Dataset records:

○ ○ ○ ○ ○

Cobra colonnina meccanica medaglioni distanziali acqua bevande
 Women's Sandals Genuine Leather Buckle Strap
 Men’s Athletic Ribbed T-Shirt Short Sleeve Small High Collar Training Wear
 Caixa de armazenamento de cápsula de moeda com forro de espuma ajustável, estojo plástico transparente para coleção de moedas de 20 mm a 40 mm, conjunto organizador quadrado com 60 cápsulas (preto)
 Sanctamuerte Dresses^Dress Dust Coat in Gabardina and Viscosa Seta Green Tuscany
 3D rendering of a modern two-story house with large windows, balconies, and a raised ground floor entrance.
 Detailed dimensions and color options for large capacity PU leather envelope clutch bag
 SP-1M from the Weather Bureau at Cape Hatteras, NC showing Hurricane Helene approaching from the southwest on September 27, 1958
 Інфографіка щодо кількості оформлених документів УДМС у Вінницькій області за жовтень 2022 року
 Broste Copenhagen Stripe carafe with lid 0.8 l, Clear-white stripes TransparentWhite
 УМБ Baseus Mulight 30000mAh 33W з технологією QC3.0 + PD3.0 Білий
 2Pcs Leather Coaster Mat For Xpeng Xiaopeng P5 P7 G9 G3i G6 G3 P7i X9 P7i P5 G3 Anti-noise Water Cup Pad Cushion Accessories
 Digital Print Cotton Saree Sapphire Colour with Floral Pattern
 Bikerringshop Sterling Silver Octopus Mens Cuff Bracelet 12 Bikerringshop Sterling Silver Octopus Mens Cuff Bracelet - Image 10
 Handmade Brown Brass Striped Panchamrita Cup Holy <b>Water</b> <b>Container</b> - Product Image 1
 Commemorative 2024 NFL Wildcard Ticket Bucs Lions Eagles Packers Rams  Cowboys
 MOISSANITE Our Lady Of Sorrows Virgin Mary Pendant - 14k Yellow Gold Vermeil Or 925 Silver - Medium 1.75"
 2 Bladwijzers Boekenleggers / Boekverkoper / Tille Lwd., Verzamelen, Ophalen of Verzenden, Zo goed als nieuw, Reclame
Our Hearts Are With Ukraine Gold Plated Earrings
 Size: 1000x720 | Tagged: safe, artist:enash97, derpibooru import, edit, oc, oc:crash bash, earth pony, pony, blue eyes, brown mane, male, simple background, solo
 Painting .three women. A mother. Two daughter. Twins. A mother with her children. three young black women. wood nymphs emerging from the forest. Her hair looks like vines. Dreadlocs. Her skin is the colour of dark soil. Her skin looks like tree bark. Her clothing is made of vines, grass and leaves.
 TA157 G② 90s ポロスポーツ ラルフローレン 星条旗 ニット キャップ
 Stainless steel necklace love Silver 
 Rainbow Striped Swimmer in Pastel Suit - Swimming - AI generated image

○ ○ ○ ○ ○

> _Work to complete_: Please give an exact copy of the lines above, beginning with the line containing "2 Bladwijzers Boekenleggers" and running through the line containing "Our Hearts Are", and of no other lines.

> _Finished task_:
 2 Bladwijzers Boekenleggers / Boekverkoper / Tille Lwd., Verzamelen, Ophalen of Verzenden, Zo goed als nieuw, Reclame
Our Hearts Are With Ukraine Gold Plated Earrings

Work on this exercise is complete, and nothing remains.